Paul’s teaching about the resurrection of the body was very revolutionary to the Greek philosophy saturated people who lived in Corinth. They couldn’t help asking, “How are the dead raised? With what kind of body do they come?” Paul quotes their question in I Corinthians 15:35. He responds with a simple lesson in botany -- a seed is planed in the ground. It doesn’t sprout unless it dies. When it grows, it has a totally different appearance than it had as a seed, but it is still wheat or corn or grain. That’s how it is, Paul said, with the resurrection of the dead — “What is sown is perishable, what is raised is imperishable. It is sown in weakness, it is raised in power. It is sown a physical body, it is raised a spiritual body -- for just as we have borne the image of the man of dust, we will also bear the image of the Man of Heaven.”

Paul used the analogy of seeds. Personally I’ve always preferred caterpillars. I love the old story of the two grungy, earthy caterpillars are crawling along in the dust. A butterfly suddenly soared off into the sunlight overhead. One caterpillar says to the other, “You’ll never get me up in one of those things!”

But it will!
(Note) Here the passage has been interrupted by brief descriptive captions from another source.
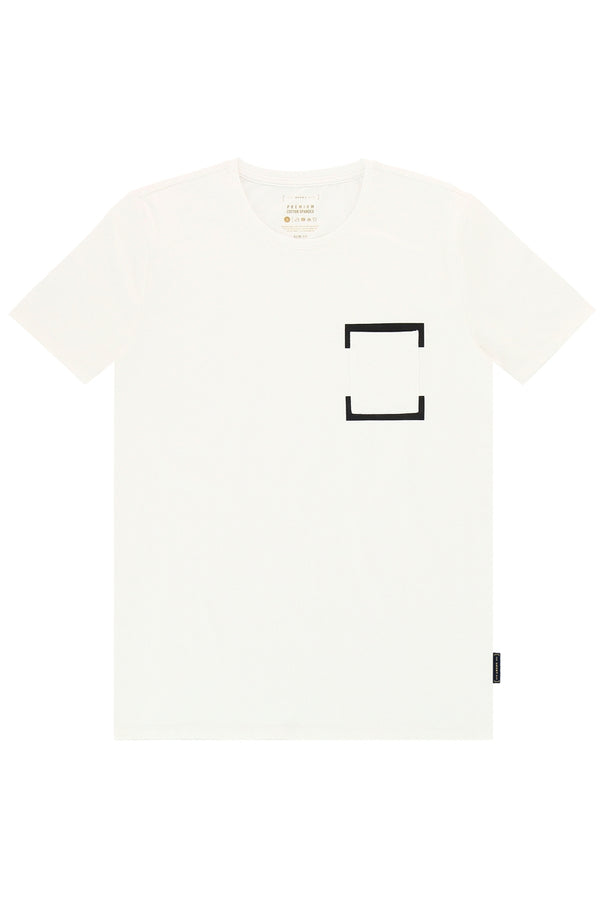 The Shirt Bar White Multi-way Stretch Slim Fit Tee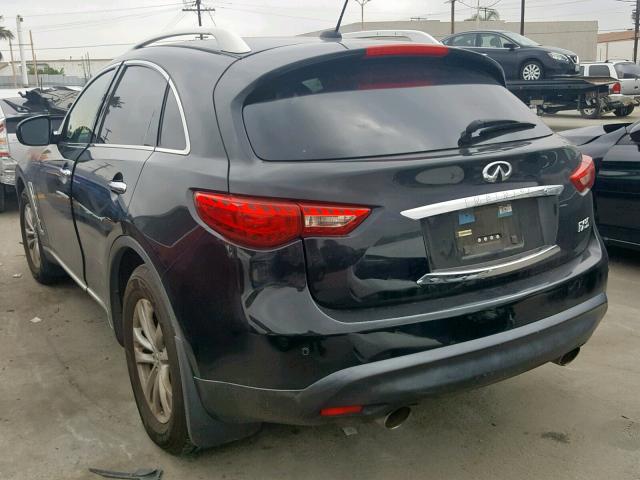 JNRAS18U09M102643 - 2009 INFINITI FX35 BLACK photo 3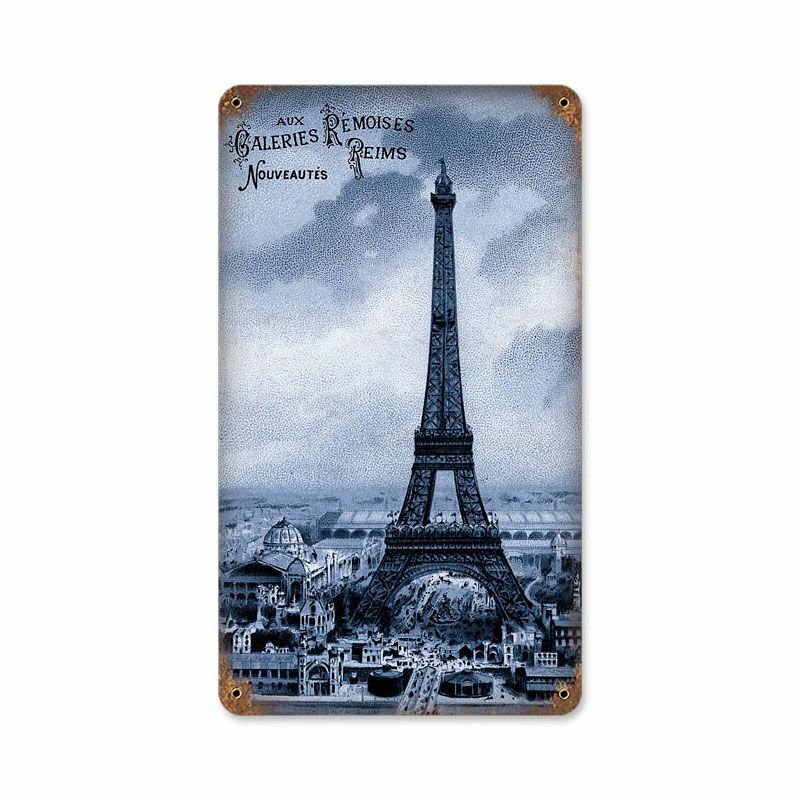 ANTIQUE VIEW OF EIFFEL TOWER PARIS FRANCE 14\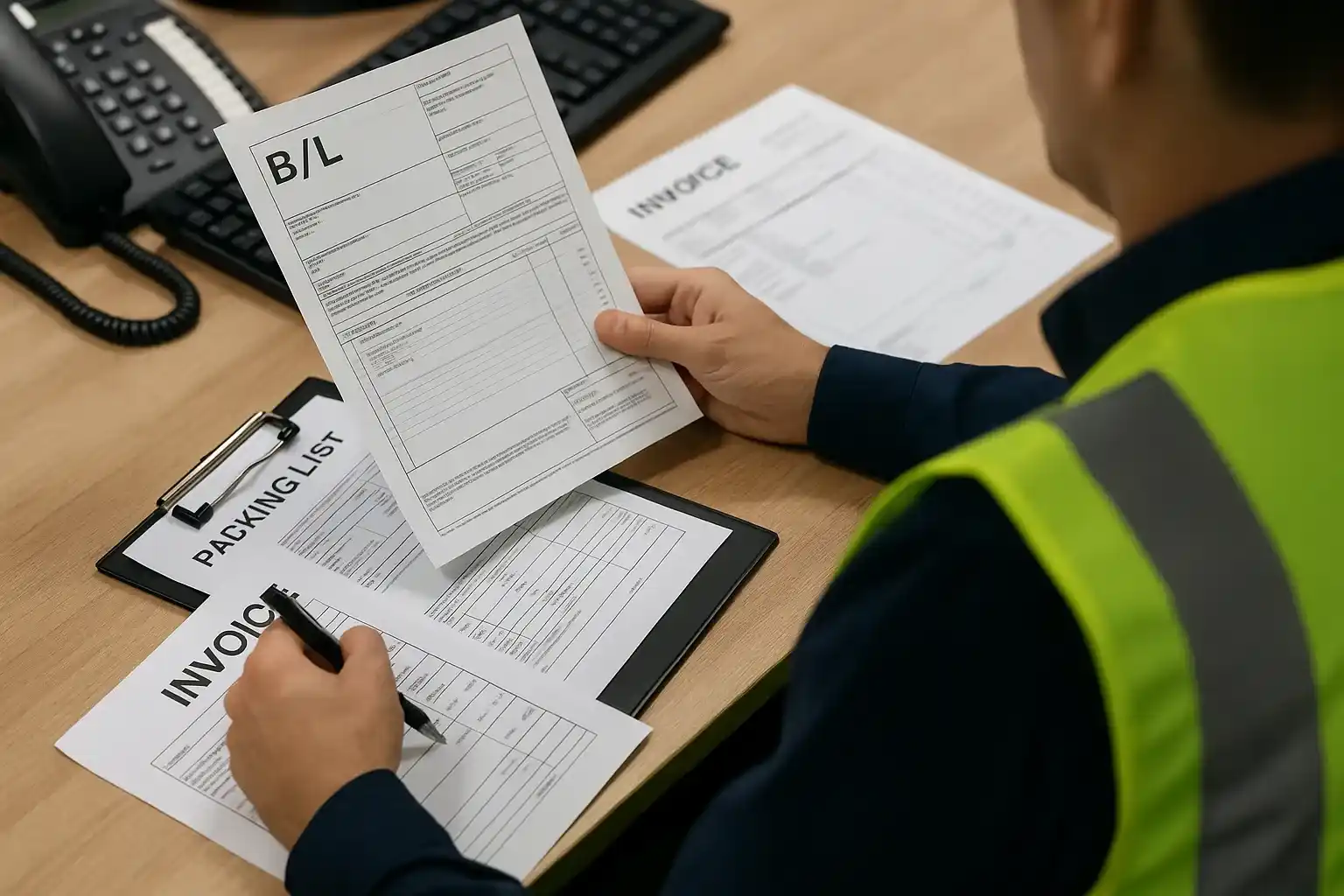 Revisión de BL, factura y packing list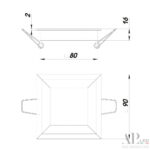 Светильник встраиваемый светодиодный 3322.LDF5016/5W/4K Arte Perfetto Luce — изображение 3
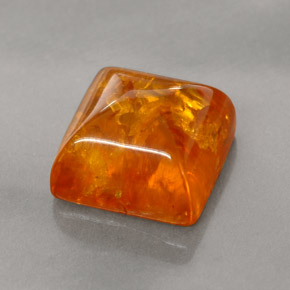 Ámbar naranja natural de 1,21 ct, transparente, transparente / translúcido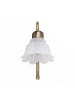 Licht-Erlebnisse Wandlampe (H)19 cm in Messing Antik Weiß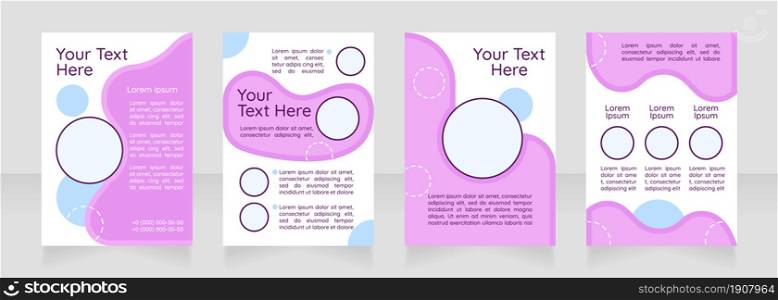 Successful pregnancy blank brochure layout design. Prenatal care. Vertical poster template set with empty copy space for text. Premade corporate reports collection. Editable flyer paper pages. Successful pregnancy blank brochure layout design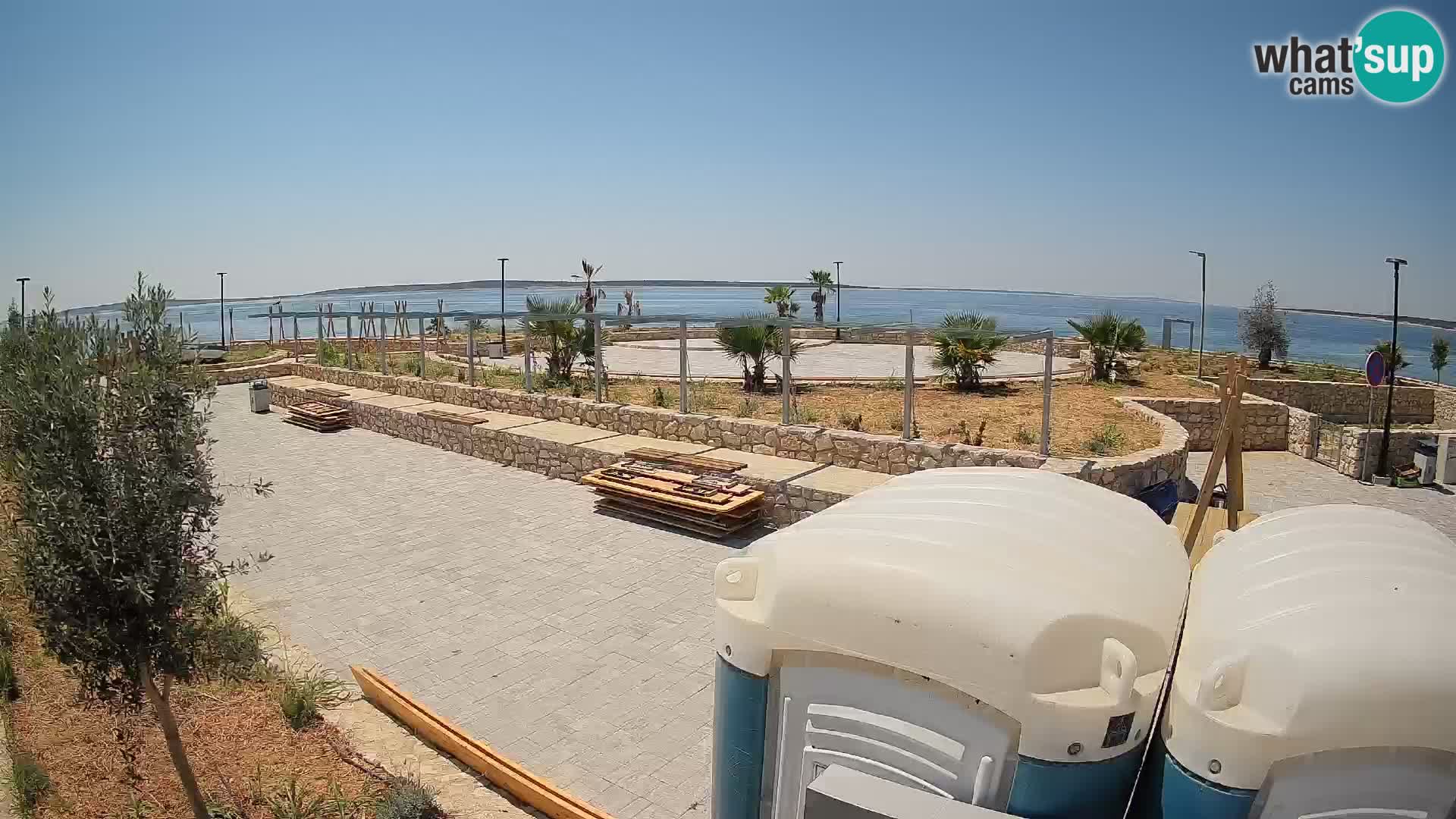 Webcam Mandre – Escenario de verano Velika điga | Isla de Pag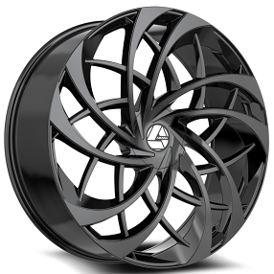 30" Azara Wheels AZA-540 Gloss Black Rims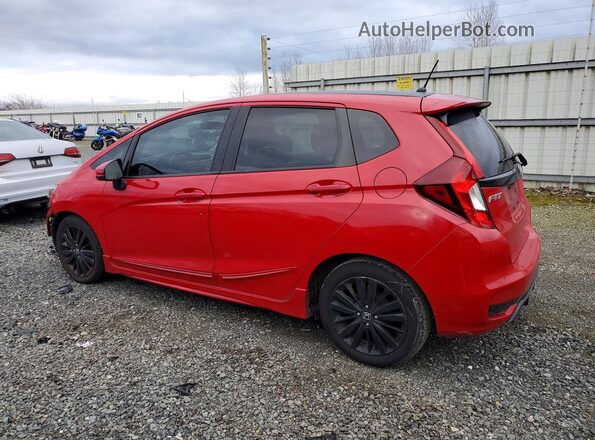 3HGGK5H68JM711086 2018 HONDA FIT Красный Задняя левая четверть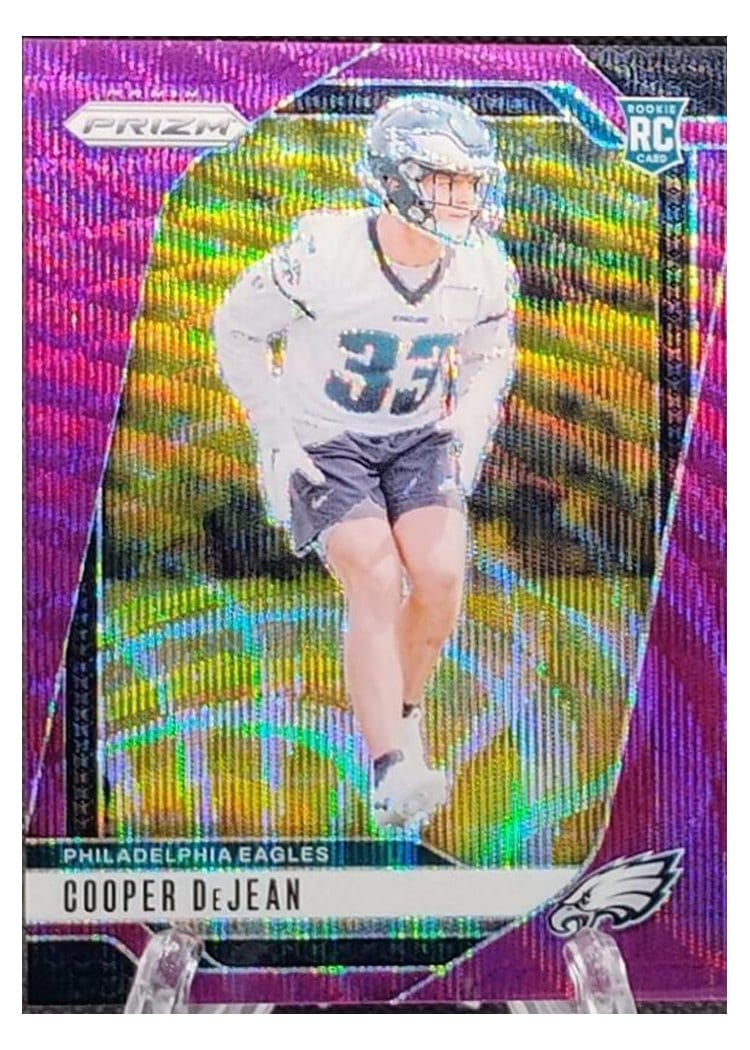 2024 Panini Prizm Base Set Cooper DeJean #321 card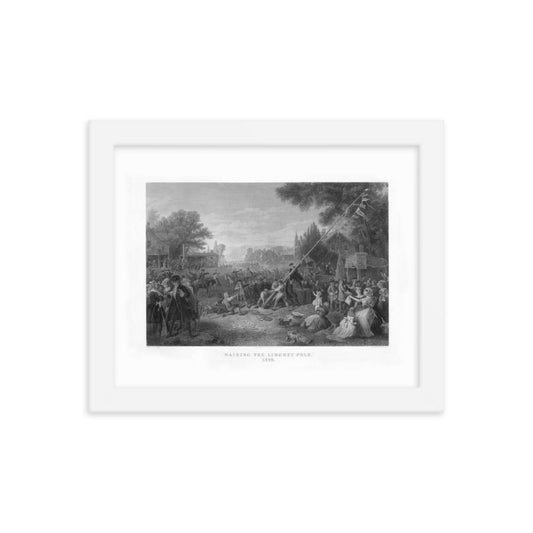 Raising the Liberty Pole 1776 Framed Print
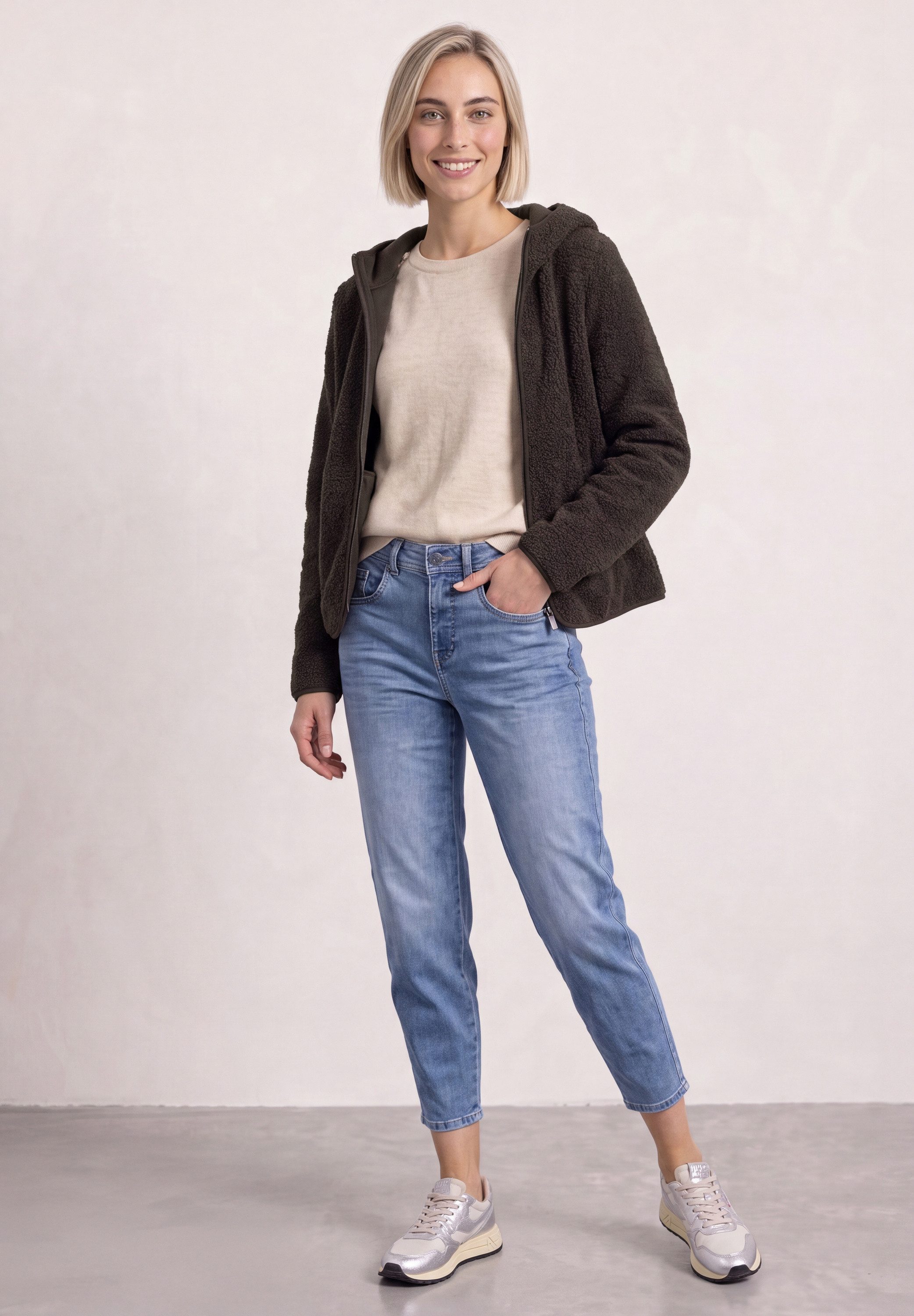 STREET ONE Cardigan mit Kapuze
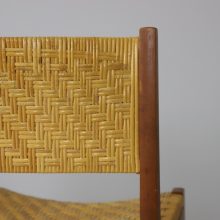 Peter Hvidt & Orla Mølgaard-Nielsen model 350 dining chairs in teak and cane by Søborg møbelfabrik 1950s vintage Danish design 14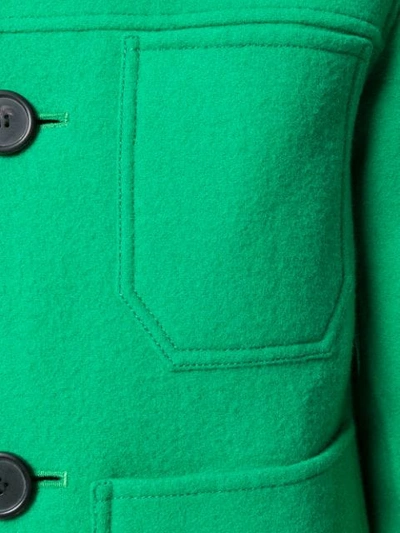 AMI ALEXANDRE MATTIUSSI 双面结构羊毛贴袋夹克 - 绿色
One day that caterpillar will curl up on a branch and “die.” But when springtime comes, and the sun begins to warm the earth, the Monarch will burst out in all its glory.

It’s the same with us. If God has the power to make matter out of energy, if he has the power to make Adam out of the dust of the ground, then He has the power to recreate our decomposed bodies. The Bible says, “Nothing is impossible with God.”

It won’t matter if you’ve been dead four days or four centuries or four millennia. It doesn’t matter if you’ve been cremated and spread over the ocean. When Christ commands it, there will be a resurrection of the body. First Thessalonians 4:16 says, “The Lord will come down from heaven with the spirits of those who have fallen asleep, and there will be a loud command and the dead in Christ will rise first.”

Now someone here may be saying, “That’s just too much to believe.” But let me ask you a question: If you never saw a birth, or never had sex-education in Junior High, and I tried to describe it to you in today’s sermon, would you believe it?

The tiny, unseen little sperm is combined with this tiny, unseen little egg and they form a cell and those cells begin to multiply, and nine months later, out comes this baby with hands, arms, eyes and starts screaming. You’d say, “No way. You’ve got to be kidding me.”

That’s a miracle we see over and over again, but we take it for granted because it is so common. But it is no more difficult for God to raise the dead than it is to create life, and new life is what we are promised.

A professional golfer Paul Azinger was diagnosed with cancer at age 33. He had just won a PGA championship and had ten tournament victories to his credit. Azinger wrote: “A genuine feeling of fear came over me. I could die from cancer. Then another reality hit me even harder. I’m going to die eventually anyway, whether from cancer or something else. It’s just a question of when. Everything I had accomplished in golf became meaningless to me. All I wanted to do was live.”

Then he remembered something that Larry Moody, who teaches a Bible study on the tour, had said to him. “Zinger, we’re not in the land of the living going to the land of the dying. We’re in the land of the dying trying to get to the land of the living.”

The land of the living is where Jesus is. He has prepared a place for us. And the promise is that He will raise us up and give life to our mortal bodies -- in the most literal sense. Jesus keeps His promises. That’s why we believe in the resurrection of the body.